CARATTERISTICHE DEL PRODOTTO
All’atto dell’immissione al consumo l’olio deve presentare le
seguenti caratteristiche: un colore che va dal verde al giallo
paglierino più o meno intenso; un odore fruttato medio alto; un
sapore fruttato con media o debole sensazione di amaro e leggero
sentore di piccante; acidità massima totale espressa in acido
oleico , in peso, non eccedente grammi 0,70 per 100 grammi di
olio; numero perossidi minore o uguale a 12 Meq02/kg.; K232 minore
o uguale a 2,20; acido linoleico minore o uguale a 10,00%;
polifenoli totali maggiori o uguali a 100.
TECNICHE DI PRODUZIONE
L’olio d’oliva extravergine Colline Salernitane deve essere
ottenuto dalle seguenti varietà di olivo presenti, da sole o
congiuntamente: Rotondella, Frantoio, Carpellese o Nostrale per
almeno il 65%; Ogliarola e Leccino in misura non superiore al 35%.
Possono, altresì, concorrere altre varietà presenti nella zona in
misura non superiore al 20%.
Le condizioni ambientali e di coltura degli oliveti devono essere
quelle tradizionali e caratteristiche della zona e, comunque, atte
a conferire alle olive ed all’olio derivato le specifiche
caratteristiche. I sesti di impianto, le forme di allevamento ed i
sistemi di potatura devono essere quelli generalmente usati, o
comunque, atti a non modificare le caratteristiche delle olive e
dell’olio. I nuovi impianti devono essere di tipo specializzato
con l’utilizzazione per almeno l’85% delle seguenti varietà, da
sole o congiuntamente: Rotondella, Carpellese, Frantoio, Ogliarola.

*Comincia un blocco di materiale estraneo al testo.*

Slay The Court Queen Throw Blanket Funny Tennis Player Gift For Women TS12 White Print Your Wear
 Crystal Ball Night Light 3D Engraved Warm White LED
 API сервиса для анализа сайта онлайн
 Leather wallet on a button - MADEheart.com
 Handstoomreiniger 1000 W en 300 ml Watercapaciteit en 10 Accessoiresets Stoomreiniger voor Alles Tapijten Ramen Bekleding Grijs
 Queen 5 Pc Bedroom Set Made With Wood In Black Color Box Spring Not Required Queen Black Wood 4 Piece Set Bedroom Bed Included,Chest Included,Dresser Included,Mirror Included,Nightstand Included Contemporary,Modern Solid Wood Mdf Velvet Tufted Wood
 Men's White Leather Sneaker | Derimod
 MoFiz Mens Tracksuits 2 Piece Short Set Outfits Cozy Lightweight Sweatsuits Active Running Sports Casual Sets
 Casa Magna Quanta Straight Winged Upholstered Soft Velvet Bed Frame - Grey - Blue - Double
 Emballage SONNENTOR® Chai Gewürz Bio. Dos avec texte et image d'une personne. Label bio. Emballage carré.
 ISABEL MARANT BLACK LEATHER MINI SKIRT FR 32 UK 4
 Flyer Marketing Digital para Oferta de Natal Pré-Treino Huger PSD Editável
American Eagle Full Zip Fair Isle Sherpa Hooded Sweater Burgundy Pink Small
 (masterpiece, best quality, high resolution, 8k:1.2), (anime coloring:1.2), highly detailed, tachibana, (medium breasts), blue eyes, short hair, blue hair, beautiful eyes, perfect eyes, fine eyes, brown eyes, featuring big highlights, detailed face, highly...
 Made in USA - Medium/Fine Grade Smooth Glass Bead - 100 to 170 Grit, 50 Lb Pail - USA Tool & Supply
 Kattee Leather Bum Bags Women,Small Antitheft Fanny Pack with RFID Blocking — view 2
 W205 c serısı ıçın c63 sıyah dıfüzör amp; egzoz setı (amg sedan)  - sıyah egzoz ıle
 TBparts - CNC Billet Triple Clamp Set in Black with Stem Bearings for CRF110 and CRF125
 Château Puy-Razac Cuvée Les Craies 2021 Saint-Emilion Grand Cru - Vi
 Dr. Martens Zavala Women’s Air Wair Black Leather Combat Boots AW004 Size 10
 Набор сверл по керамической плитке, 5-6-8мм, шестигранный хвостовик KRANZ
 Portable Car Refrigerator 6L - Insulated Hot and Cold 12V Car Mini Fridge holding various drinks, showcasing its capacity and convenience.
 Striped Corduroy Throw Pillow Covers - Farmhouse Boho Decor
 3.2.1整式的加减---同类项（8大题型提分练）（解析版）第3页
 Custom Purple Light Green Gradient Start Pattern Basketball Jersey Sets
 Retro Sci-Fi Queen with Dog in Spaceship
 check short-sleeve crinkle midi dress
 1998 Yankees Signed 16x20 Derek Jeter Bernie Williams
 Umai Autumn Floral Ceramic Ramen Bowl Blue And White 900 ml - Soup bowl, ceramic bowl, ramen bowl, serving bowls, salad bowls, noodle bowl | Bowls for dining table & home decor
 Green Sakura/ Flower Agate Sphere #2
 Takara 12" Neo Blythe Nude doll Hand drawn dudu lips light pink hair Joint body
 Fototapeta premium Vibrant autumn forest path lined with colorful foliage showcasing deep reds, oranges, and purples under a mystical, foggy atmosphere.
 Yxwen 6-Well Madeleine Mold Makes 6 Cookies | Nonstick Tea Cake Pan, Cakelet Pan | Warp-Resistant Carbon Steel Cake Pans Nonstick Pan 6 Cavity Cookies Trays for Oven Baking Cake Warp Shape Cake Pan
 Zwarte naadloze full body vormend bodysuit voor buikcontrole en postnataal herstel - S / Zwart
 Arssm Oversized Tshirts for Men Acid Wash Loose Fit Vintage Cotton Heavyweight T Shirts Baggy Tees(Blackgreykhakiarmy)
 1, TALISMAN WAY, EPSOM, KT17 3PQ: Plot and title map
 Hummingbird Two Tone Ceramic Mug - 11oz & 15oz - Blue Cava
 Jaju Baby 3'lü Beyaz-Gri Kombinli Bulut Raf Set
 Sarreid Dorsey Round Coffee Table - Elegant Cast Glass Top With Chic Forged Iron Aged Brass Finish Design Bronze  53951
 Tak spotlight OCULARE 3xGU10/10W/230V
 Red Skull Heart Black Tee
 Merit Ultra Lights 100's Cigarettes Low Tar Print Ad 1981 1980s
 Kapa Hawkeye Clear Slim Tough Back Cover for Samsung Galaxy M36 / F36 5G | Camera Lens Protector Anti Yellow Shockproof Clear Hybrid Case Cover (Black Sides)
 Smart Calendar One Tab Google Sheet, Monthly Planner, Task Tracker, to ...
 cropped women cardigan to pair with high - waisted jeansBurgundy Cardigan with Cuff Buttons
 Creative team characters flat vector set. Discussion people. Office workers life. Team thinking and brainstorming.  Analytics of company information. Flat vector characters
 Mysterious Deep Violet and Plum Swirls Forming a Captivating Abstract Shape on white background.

La produzione massima di olive consentita per ettaro non può
superare kg. 12.000. La resa massima di olive in olio non può
superare il 20%. In annate eccezionalmente favorevoli la resa
dovrà essere riportata attraverso accurata cernita, purché la
produzione globale non superi di oltre il 20% i limiti consentiti
dal disciplinare.
Le operazioni di oleificazione e di confezionamento dell’olio
devono essere effettuate nell’ambito dell’area di produzione
prevista dal disciplinare. La raccolta delle olive, che deve
essere effettuate direttamente dalla pianta a mano o con mezzi
meccanici, deve avvenire entro il 31 dicembre di ogni anno. Le
olive devono essere molite entro il secondo giorno dalla raccolta.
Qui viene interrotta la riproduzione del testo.